|Clare County Library||
|The Memoirs of Keighley Edward Graham 1904-1974|
Ne oublie: Never Forget
The Graham Family motto, Ne oublie, means “Never forget”. This is particularly apt in the context of the life and Memoirs of Keighley Edward Graham. Having embarked for Australia in 1927, he never forgot his roots nor the family and friends he had left behind in England, and they too him, and, in the final year of his life, he saw the need to provide some legacy for his grandchildren in the diary entries he recorded between 31 March and 17 August 1974. The latter perhaps borne out of an acute sense of mortality, but a mortality no lesser man nor woman would try to disguise when writing to reminisce at the end of their life.
I never really knew my grandfather. I was barely five when he died but I have some vague recollection of visits to Algate Farm in Mount Helena, approximately 50 kilometres east of Perth, Western Australia. Nevertheless, I grew up with stories passed on by my mother, Elizabeth, from her father, Keighley, which told of the allure and romanticism of Castle Crine, the Butlers, Colonel John Higgin Graham, Aunt Beatrice and the tragedy of “Our Camelot”, beautifully created, never really owned, by the Grahams that is, yet tragically destroyed.

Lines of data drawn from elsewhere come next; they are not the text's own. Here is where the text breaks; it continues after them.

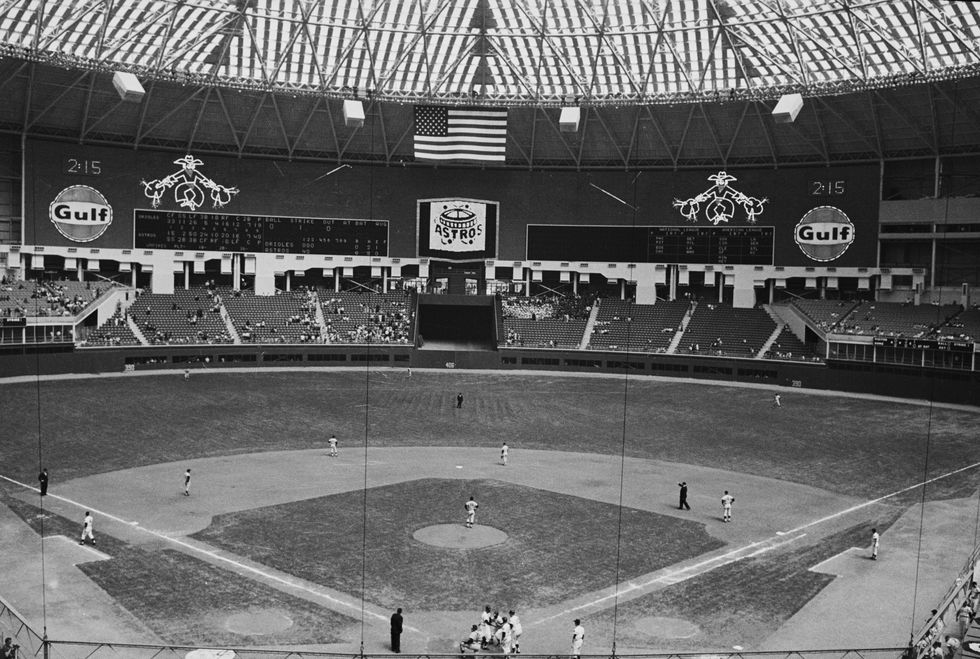first homerun scored by astros in astrodome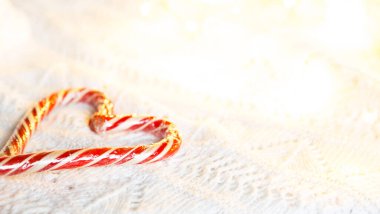 Noel şeker kamışı Noel Baba 'yı beyaz örgü battaniyeyle kalp şeklinde çizdi. Aşkın sembolü, sevdiğine bir hediye, tatlı bir ikram. Yeni yıl. Metin için boşluk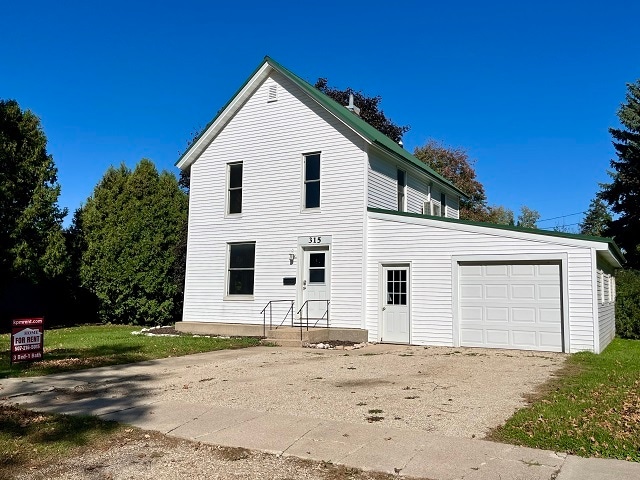 Photo - 315 Walnut St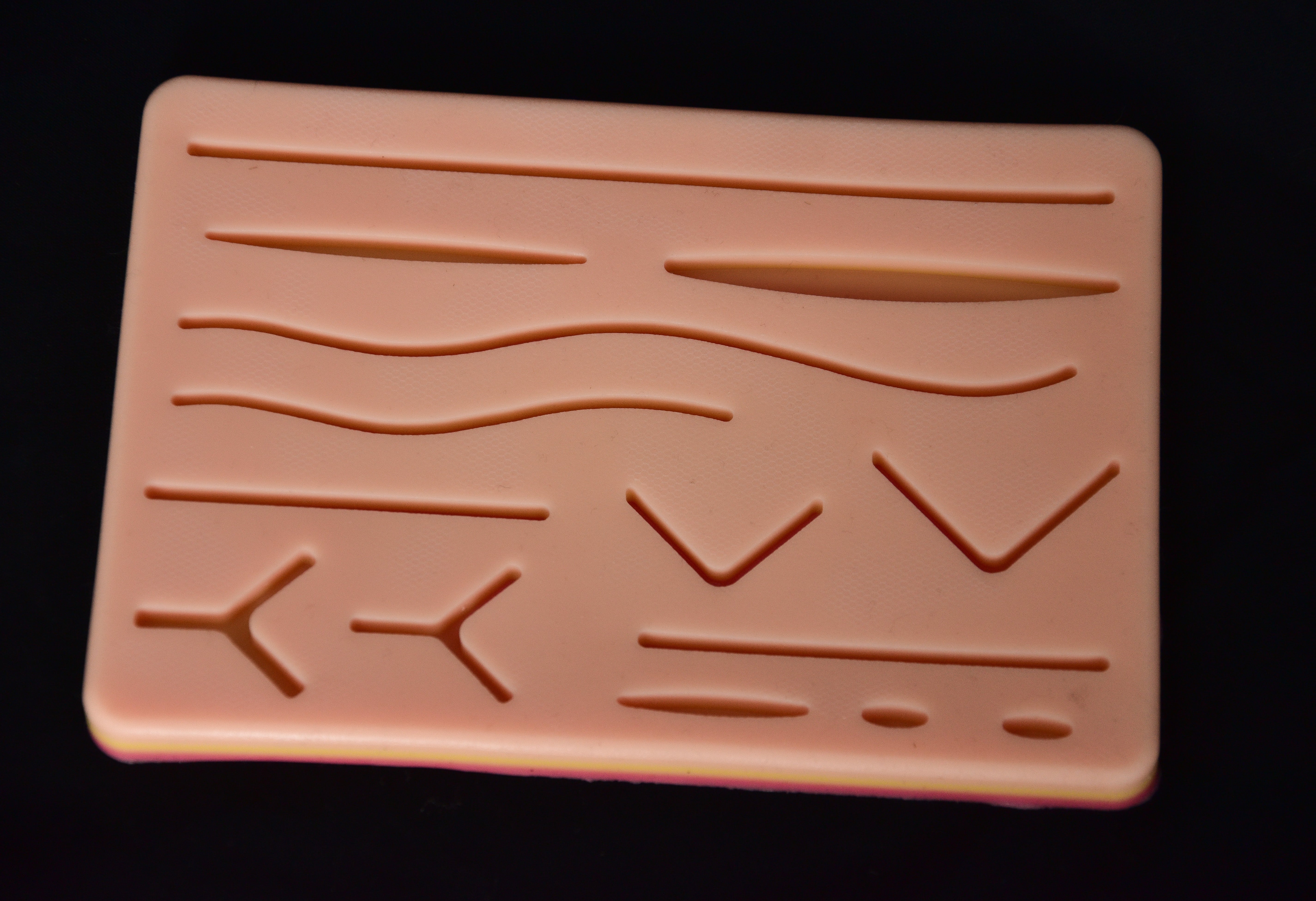 Kit de Suture Complet ( Instruments + Peau Artificielle)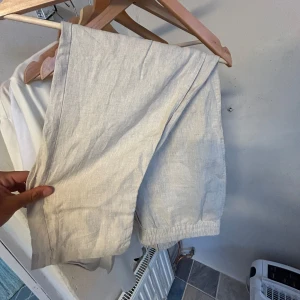 HM linnebyxor  - Ett par linnebyxor från Hm som endast är använda 1 gång.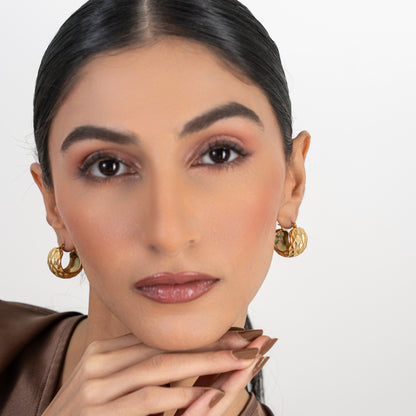 Buy Classic Eleganza Hoop Earrings - 18K Gold Plated online jewellery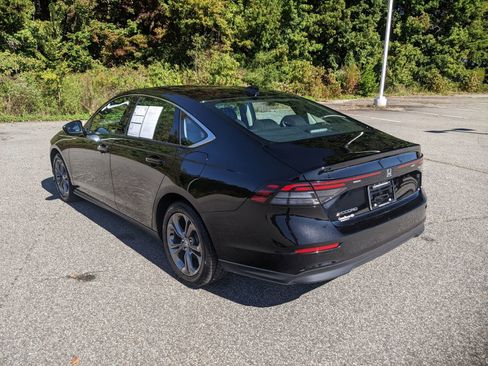 Used 2024 Honda Accord EX image 6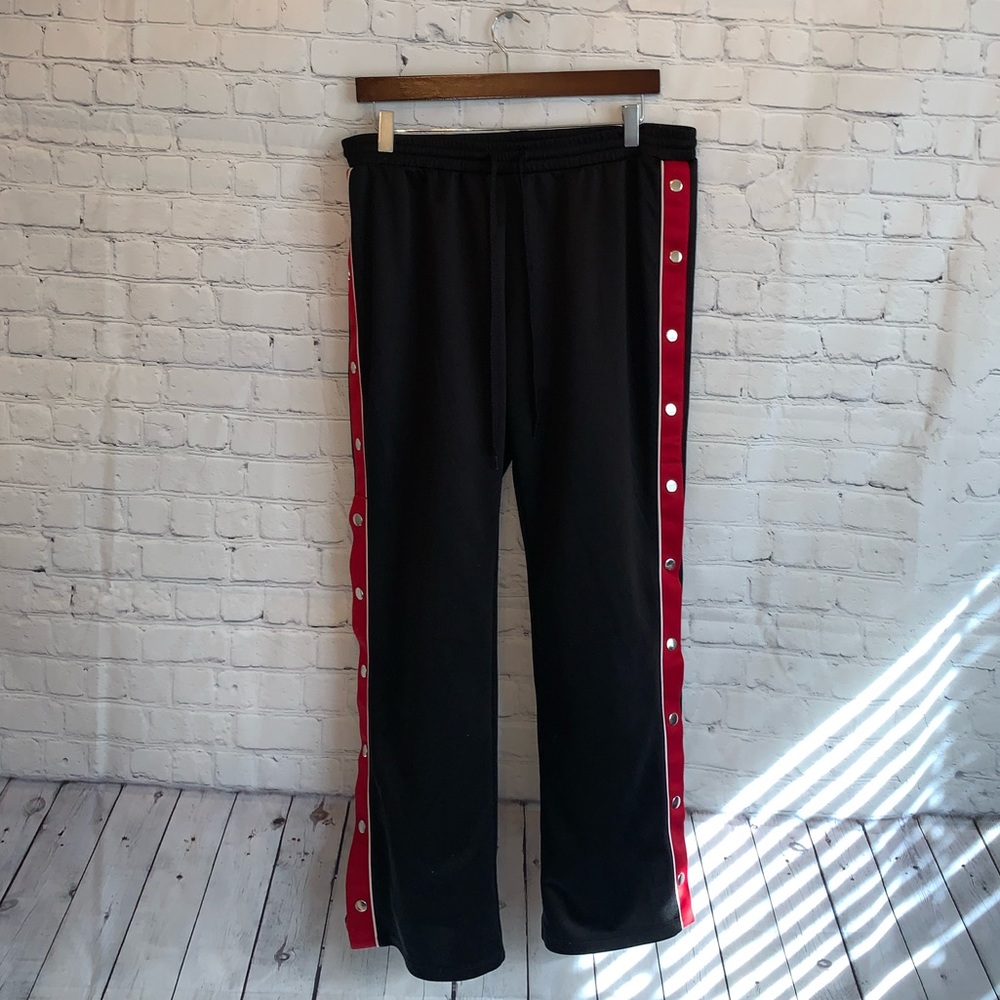 Freshman Red & Black Buttoned pants size L - Picture 1 of 7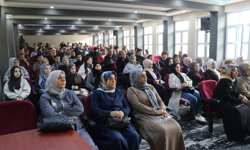Siirt'te jandarma ekipleri velileri bağımlılık konusunda bilgilendirdi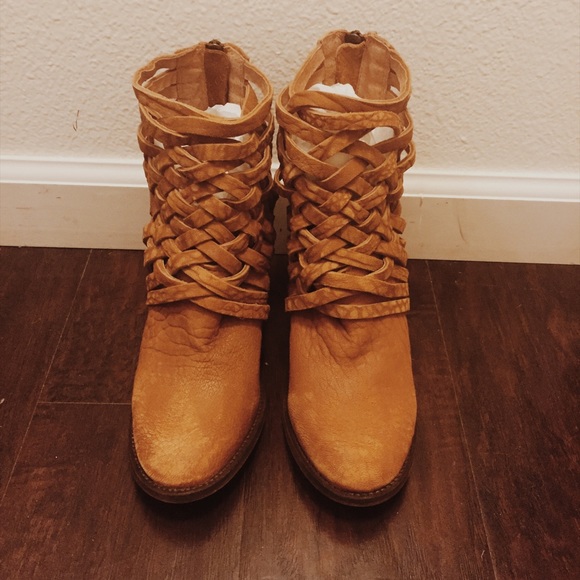GUC: Free People. Carrera Bootie. Tan 8.5-9 - Picture 8 of 8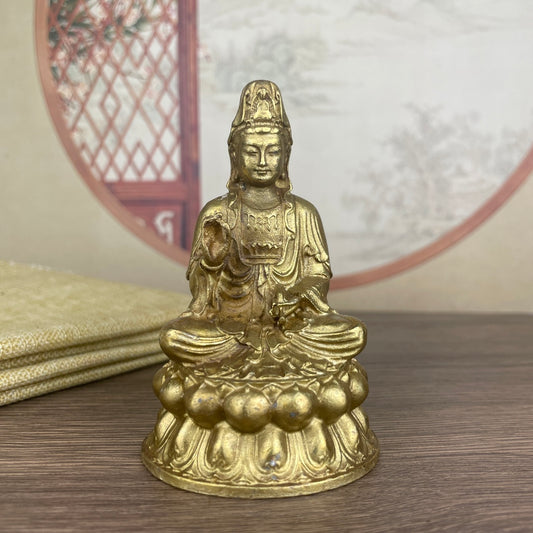 Exquisite Handcrafted Guanyin Buddha Statue - Unique Gift for Collectors and Decor Enthusiasts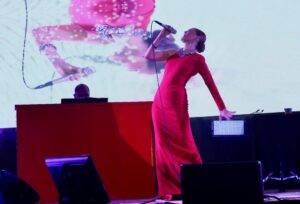Kika Edgar Instagram - Cada escenario tiene su hermosa magia! Gracias por seguir permitiéndome llegar a sus corazones! 
Nos vemos en Teatro Metropolitan CDMX el 3 de mayo! Venta por @ticketmaster_mx ❤️💕💃🏻🎶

To this day, a melancholy resides in many of our hearts not to mention that of the people of Sixmilebridge, County Clare, Ireland, like Patrick “Paddy” Moloney who believed Castle Crine should never have been demolished. However, it was the decision of Zoe Butler-Henderson, the eldest daughter of Lady Clarina, Sophia Mary Butler, who would eventually sell Castle Crine Estate to the Land Commission after gaining substantial profit from the felling of its nearby timber and the removal of its lead roof tiles. That said, this was early in a decade, the 1950s, when Britain had just emerged, battered and bruised, from six years of total war, and its landed gentry, though somewhat cushioned by the economic blows of World War Two, came to realise the real cost of “Old World” Estates in a new post-war era.
Yet with every tragedy, there is renewal. For my family, it is our relationship with our cousins in England, Ri (Rosemary), Patrick and John, and their children, Tessa, Sarah, Leah, Hannah and Rebecca, and our friends in Sixmilebridge, in particular Neil Keogh and his wife, Annette, to whom my grandfather would be eternally grateful and whose friendship my family will forever treasure.
Neil Keogh, in the Australian jargon, is a larrikin. He can be a bit rowdy when he has one hand on a Guinness and the other, at times, on a cigarette, but what Irishman or Australian isn’t. Yet, he has a heart of gold and it has been through his efforts, almost single-handedly, that the dilapidated Entrance or Gate Lodge, the old Coach House, Stables and the man-made pond, known as Swan Lake, have been restored. He is a credit to his community, his family and ancestors, many of whom worked at Castle Crine before it was demolished.
The English often say that Australians have an obsession with Gallipoli. The same could be said, to a lesser degree, of the Graham Family and Castle Crine. It is primarily this reason why the Grieve Family history (that of my grandmother, Nancy) is often overshadowed by that of the Graham Family in Western Australia. Nevertheless, there is great pride in our maternal Scottish heritage.
When editing any historical work, it seldom speaks for itself. What I have endeavoured to do with my Grandfather’s diary or memoirs is to weave a more visual and encompassing picture of the Graham Family and Keighley’s life within it by including various textual and pictorial sources throughout which inform of a wider story or history. This process has been punctuated by time and my need to explore the Graham Family history in England, Ireland and Canada. To this end, I must acknowledge the following:
My mother, Elizabeth Clennett (formerly Miocevich nee Graham), who inspired my love of history and all things Graham.
Neil Keogh, for keeping the spirit of Castle Crine alive for all to see.
Ri (Rosemary) Barnes (nee Graham), for her generosity of heart in sharing her recollections of Castle Crine and the Graham Family and for initiating a meeting with my Great Aunt, Trixie Graham, in 1998, which would lead to four years of correspondence before her passing in 2002.
My first cousins (once removed), Patrick and John Graham, for always making our family welcome in the “Old Dart”.
Jean and Mike Morris, who were dear friends of my Great Aunt, Trixie Graham, in good times and bad, and who my wife, Megan, and I visited in 2003.